I do not think I am exaggerating when I say that nine out of ten practicing Christians feel that man’s work is always at the level of a "spiritual encumbrance." In spite of the practice of right intentions, and the day offered every morning to God, the general run of the faithful dimly feel that time spent at the office or the studio, in the fields or in the factory, is time diverted from prayer and adoration. It is impossible, too, to aim at the deep religious life reserved for those who have the leisure to pray or preach all day long. A few moments of the day can be salvaged for God, yes, but the best hours are absorbed, or at any rate cheapened, by material cares. Under the sway of this feeling, large numbers of Catholics lead a double or crippled life in practice; they have to step out of their human dress so as to have faith in themselves as Christians -- and inferior Christians at that.8

For the early and medieval Christians, there was nothing wrong in withdrawing into the desert or into monasteries from the world. There was no tension or schizophrenia produced in their souls, because for them the eternal was better than the temporal, the other-worldly better than this world. The world was seen as a place of sin, error and contingency; it was not transformable, hence nothing else could be done except to flee from it. But today, the modern man sees nature as transformable; he appreciates the value of science and technology. He has come to realize time as evolutionary, as creative of novelty, as opposed to the classic view of time as negative, as going on without purpose since the universe is finished. For the modern Christian a tension is produced between his recently acquired appreciation of secular values and other-worldly formulation of his faith. How is the tension to be resolved? Are we to be totally immanentist, that is, totally identify with the secular world? But how is a Christian to be identified? How is he different from the secular humanist? The answer of some is that there is no need to, since our world is a post-Christian one. Christian transcendence is a myth; church structures therefore must go; the liturgy, God and belief, and all symbols of transcendence are out of place in the modern secular world. For the majority of concerned Christians, the tension is unresolved. They are confused and so is theology. The question remains: how resolve the tension between immanence and transcendence?

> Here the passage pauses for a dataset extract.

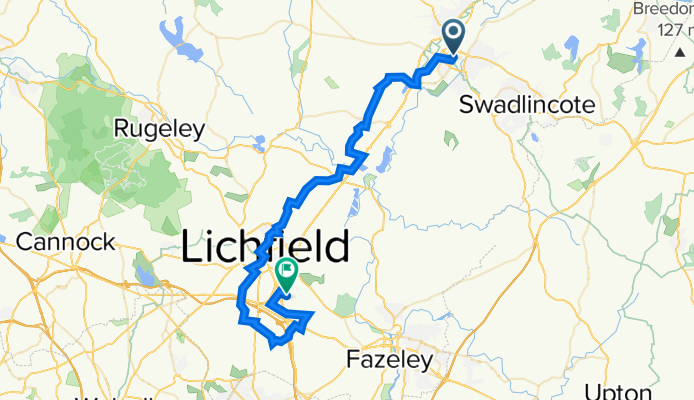Diese Route in Bikemap Web öffnen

Perhaps we could affirm both secular values and Christian transcendence without being other-worldly by looking at the world as evolutionary, that is, as in process of growth. Let us then reflect on the meaning and implication of growth in the hope that it will resolve the question. We have examples of growth in the case of the seed developing into a plant, the young into the adult, the immature becoming mature. Now, in the case of positive growth, the mature or adult stage is better than the immature stage. Already in growth, the transition from one stage to another satisfies the minimal requirement for transcendence. But it might be asked here whether our example is not really the same as an earlier formulation in which the secular is abandoned for the sacred. No, because in the case of growth, we do not abandon one thing for another. Thus, the seed does not abandon itself for another seed. We have to do with one and the same seed. For a given seed to abandon itself for another would be its destruction, not its transcendence. But we can still object that even in the case of growth there is an abandonment. Upon reflection, however, growth is not an abandonment but a fulfillment. The seedling state is not a threat to and a destruction of the seed state. For in growth, the higher stage is not a destruction but a fulfillment of the lower. To remain in the lower is for the seed to tend toward death, for by the very law of its being, it must tend toward the seedling, not only to preserve itself but also to attain a fuller possession of itself.

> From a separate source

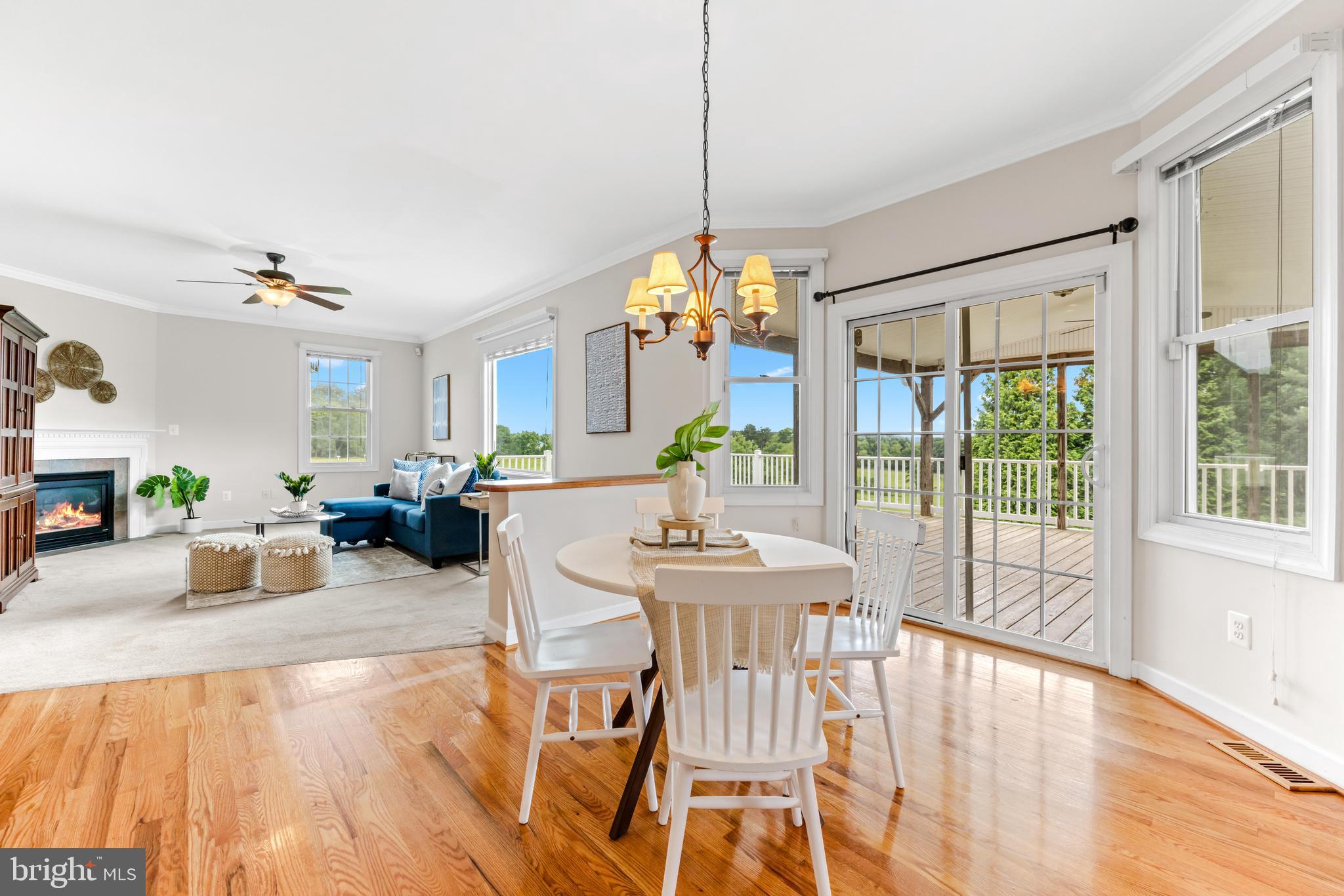 SOUTHERN VISTA - Residential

By using the model of growth,9 we can provisionally say that Christian transcendence could be seen as the higher evolutionary dimension of the world. Transcendence in this case would not be a going outside time but an advance into the future. But further reflection is necessary before we can with confidence accept this view.

Let us move away from this example of growth to a more formal analysis of evolutionary time. A possible difficulty for static thought is how a going beyond the present into the future can be a transcendence since the future when it arrives is just as empirical as the present. Consequently, there does not seem to be a transcendence in the sense of going beyond the empirical. So how can one attain transcendence by going into the future?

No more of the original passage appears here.